Similarly, the motion judge carefully considered the public interest in the expressive content of the appellant’s posts. Her conclusion that the harm suffered by the respondents outweighed the public interest in protecting the appellant’s expression was well-grounded in the evidence and free from error. For this reason, her decision must be granted deference.

(2) Yes. The appellant argued that the injunction prohibiting any statements or posts about any of the respondents and restricting his attendance was overly broad, and that the motion judge erred in failing to consider whether a more restricted injunction would have sufficed.

With respect to the publication injunction, the court recognized that while a broad ongoing injunction may be appropriate in some circumstances, it is an extraordinary remedy and must be broad enough to be effective, but no broader than reasonably necessary to effect compliance.
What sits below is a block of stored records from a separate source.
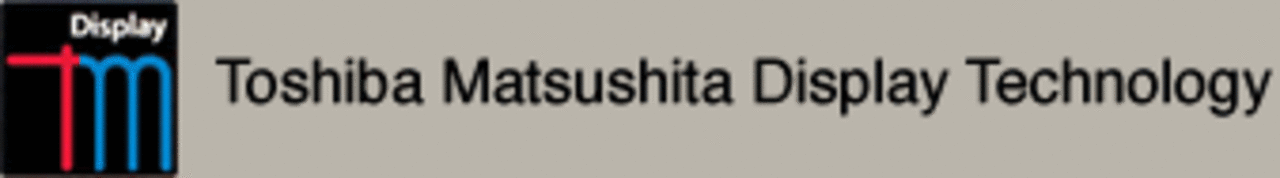 [04/04/2009] Toshiba Matsushita Display Technology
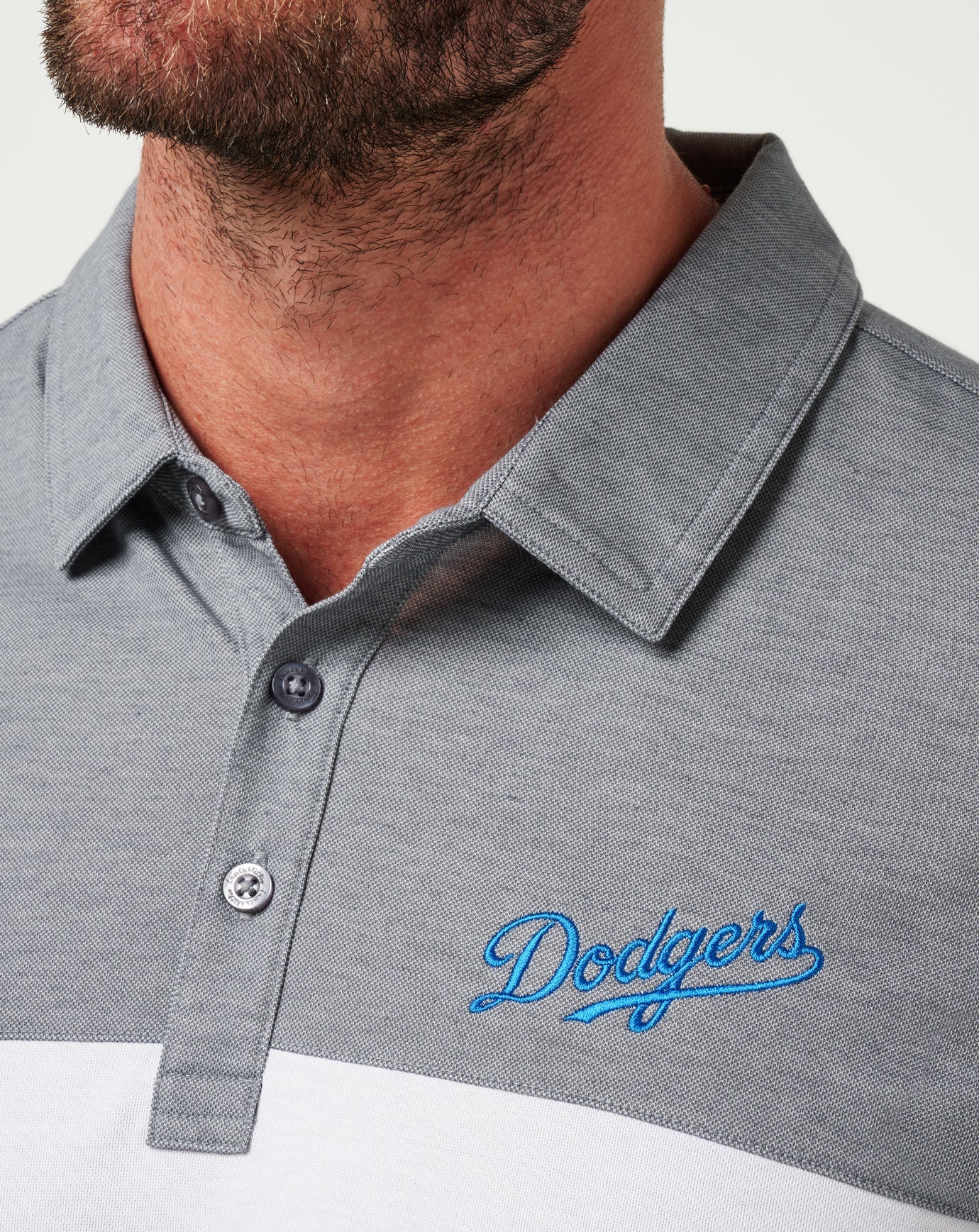 Heather Quiet Shade/White Travis Mathew Men|Game Day|New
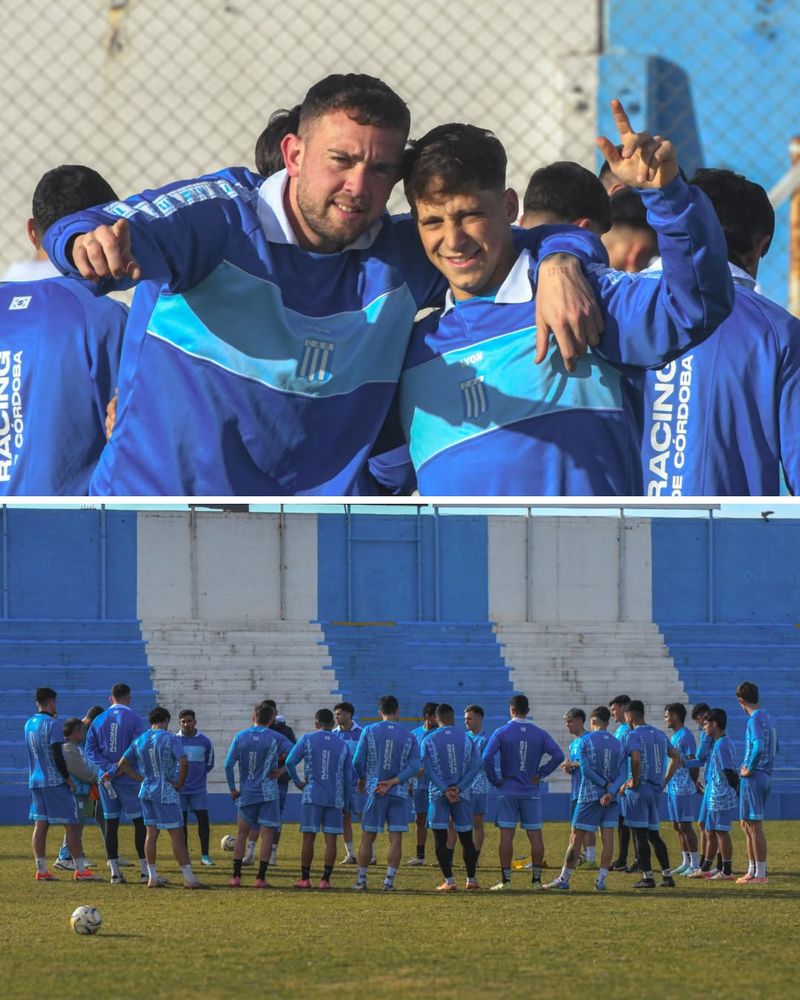 Racing de Córdoba tiene problemas económicos y el plantel dirigido por Gustavo Coleoni tomaría medidas de fuerza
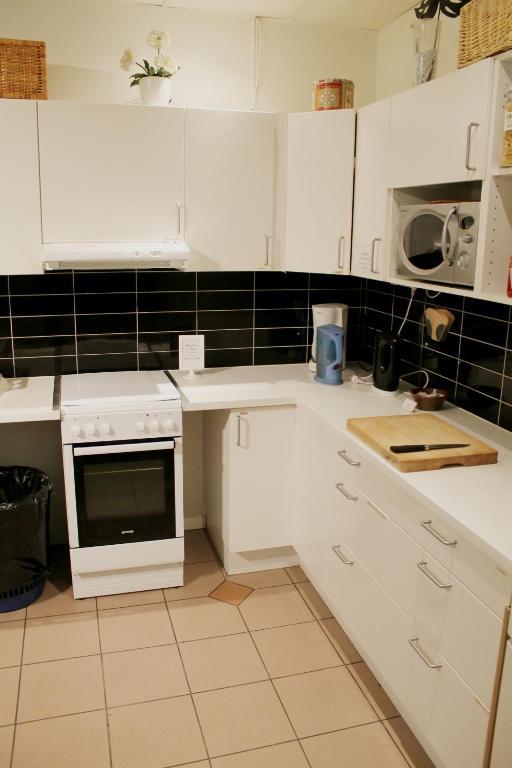 Klara Hostel Stockholm Luaran gambar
The evidence before the court did not support a permanent blanket injunction enjoining the appellant from making or publishing any comments about the respondents. There was no evidence to support a finding that the appellant was incapable of discerning between defamatory comments and legitimate criticism and, therefore, the injunction should not have been cast so broadly that it captured non-defamatory statements.

The court then considered the provisions of the judgment that permanently restricted the appellant’s attendance near the respondents “and their families” and that prohibited any communications directly with the respondents. Given their potentially broad and restrictive scope, permanent injunctions must be particularly tailored to the specific circumstances of the case in which they are ordered. It is therefore incumbent on the court asked to consider such relief to conduct a careful analysis and to limit the breadth of any permanent injunction to only what is reasonably necessary to remedy the specific wrong committed and to prevent further harm to the claimant.

While the motion judge adverted to the circumstances in which permanent injunctions against the publication of defamatory statements may be warranted, she did not reference any criteria respecting the advisability of granting a permanent injunction restraining the appellant’s movements or communications. A permanent injunction is a remedy that may be granted once a legal right or a cause of action has been finally adjudicated and proven on a balance of probabilities. Since defamation was the only tort that the motion judge found to have been established, the remedy sought and granted should have been only in relation to and for the purpose of preventing a continuation of that tort. Accordingly, to justify the granting of a permanent injunction restricting the appellant’s movements or communications, the motion judge would have had to conclude that a permanent injunction restricting the appellant’s movements or communications with the respondents was reasonably necessary to remedy the defamation and to prevent the defamation campaign from continuing. She did not do so. Therefore, the motion judge erred in failing to carry out the required analysis and make appropriate findings to determine whether such a broad permanent injunction was necessary. The movement and communications paragraphs of the injunction order were set aside. The Court noted that the respondents were not without recourse. If necessary, other remedies were available to restrain the appellant’s behaviour, such as issuing a trespass notice under the Trespass to Property Act, R.S.O. 1990, c. T.21, which the respondent already did, or pursuing a peace bond under the Criminal Code(Rainy River (Town) v. Olsen, 2017 ONCA 605).